How Are Patients Suffering From Pseudostrabismus Diagnosed?
The diagnostic procedure involved for pseudostrabismus includes history and a complete visual examination of the eyes. The patient's history, including the child’s birth weight, gestational period, health, history of any previous surgery for retinopathy, and the child’s first photograph, is acquired. Visual examination of the eyes includes visual, motor, and sensory function evaluations.
Age-appropriate visual acuity tests do the visual evaluation. Motor functions of the eyes are evaluated to differentiate them from the true strabismus. It is done using Hirschberg’s light reflex test and cover-uncover test. Additional prism adaptation and ocular muscle function tests are also conducted. Complete sensory function assessment is not possible in some children; instead, fixation preference of one eye using a vertical prism test is performed on them.
Diagnosis of Pseudostrabismus. A Quandary for Doctor?
Often, no apparent abnormal presentation clinically makes it difficult for the primary care physician and pediatrician to refer the patient to a specialist, who is often left undiagnosed.
Does Pseudostrabismus Need Treatment?
Pseudostrabismus does not require any treatment; it gets resolved completely as the child grows, and the epicanthal folds present near the nose get diminished. The patient's parents should be counseled about the temporary nature of the condition and encouraged to be in regular follow-ups for six to twelve months to rule out true strabismus. Also, parents should be aware that children suffering from pseudostrabismus are at a higher risk of acquiring true strabismus in their later life.
Which Conditions Share the Similarities With Pseudostrabismus?
The primary condition that needs to be ruled out before forming a confirmatory diagnosis of pseudostrabismus is true strabismus.
How to Differentiate Pseudostrabismus From a True Strabismus?
The easiest way to tell the difference between true and pseudostrabismus is to see a child’s flash photo. If the light is reflected from both eyes in the same place, the baby suffers from pseudostrabismus.
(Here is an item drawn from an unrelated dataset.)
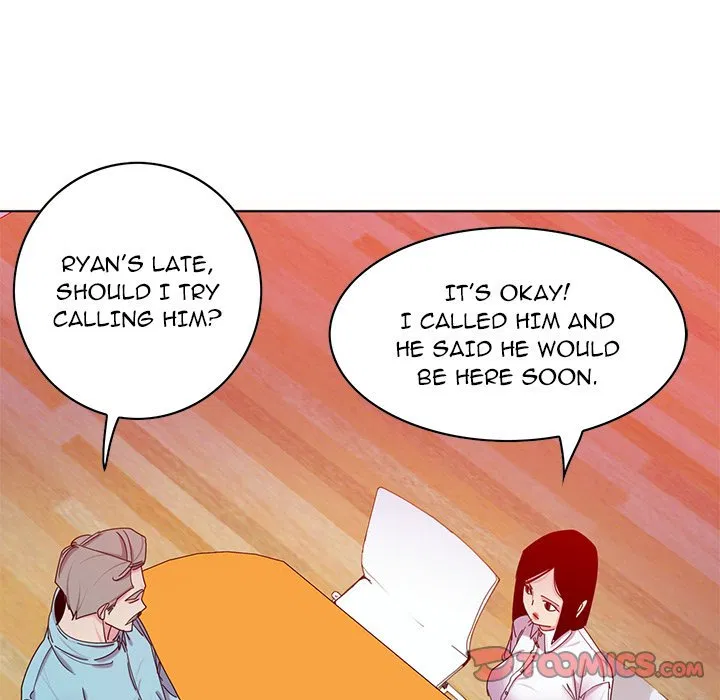 Bad Mom Chapter 16 Page 93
Ophthalmologists can detect pseudostrabismus by performing a complete eye exam and checking for shortsightedness or farsightedness in a child.
Pseudostrabismus resolves by itself with age, thus making it easy to differentiate it from true strabismus, which persists through adulthood.
Is It Useful to Differentiate True Strabismus From Pseudostrabismus?
Differentiating pseudostrabismus from its true counterpart is essential, as if true strabismus is left untreated, it can cause vision loss.
What Is the Overall Outlook of Pseudostrabismus?
Overall, pseudostrabismus enjoys an excellent prognosis, with most cases showing complete resolution within two to three years of age. Pseudostrabismus with positive or negative kappa angle persists throughout life.
Conclusion
Pseudostrabismus is mostly a self-limiting condition of the eye characterized by the appearance of malalignment of the eyes. It primarily develops due to morphological changes in the child’s face while growing; hence, it resolves spontaneously with time. It is essential to differentiate it from true strabismus, which severely interferes with the normal visual development of a child.